> _DATA IN THIS EXERCISE_
━━━━━━━━━━━━━━━━━━━━━━━━━━━━━━

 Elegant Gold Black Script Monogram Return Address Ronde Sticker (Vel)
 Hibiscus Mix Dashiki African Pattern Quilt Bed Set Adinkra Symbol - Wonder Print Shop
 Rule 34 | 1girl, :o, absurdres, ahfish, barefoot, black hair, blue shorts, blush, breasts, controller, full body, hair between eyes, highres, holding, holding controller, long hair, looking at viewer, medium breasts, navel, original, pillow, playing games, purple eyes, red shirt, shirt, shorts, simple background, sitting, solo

━━━━━━━━━━━━━━━━━━━━━━━━━━━━━━

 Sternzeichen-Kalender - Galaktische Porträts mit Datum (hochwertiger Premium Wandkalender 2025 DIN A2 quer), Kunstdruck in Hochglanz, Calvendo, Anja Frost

━━━━━━━━━━━━━━━━━━━━━━━━━━━━━━

> _PROBLEM_
Reproduce only the lines above, starting at the line with "Elegant Gold Black" and ending at the line with "Rule 34 | 1girl, :o, absurdres, ahfish, barefoot, black", exactly as written.

> _RESPONSE TO THE TASK_
 Elegant Gold Black Script Monogram Return Address Ronde Sticker (Vel)
 Hibiscus Mix Dashiki African Pattern Quilt Bed Set Adinkra Symbol - Wonder Print Shop
 Rule 34 | 1girl, :o, absurdres, ahfish, barefoot, black hair, blue shorts, blush, breasts, controller, full body, hair between eyes, highres, holding, holding controller, long hair, looking at viewer, medium breasts, navel, original, pillow, playing games, purple eyes, red shirt, shirt, shorts, simple background, sitting, solo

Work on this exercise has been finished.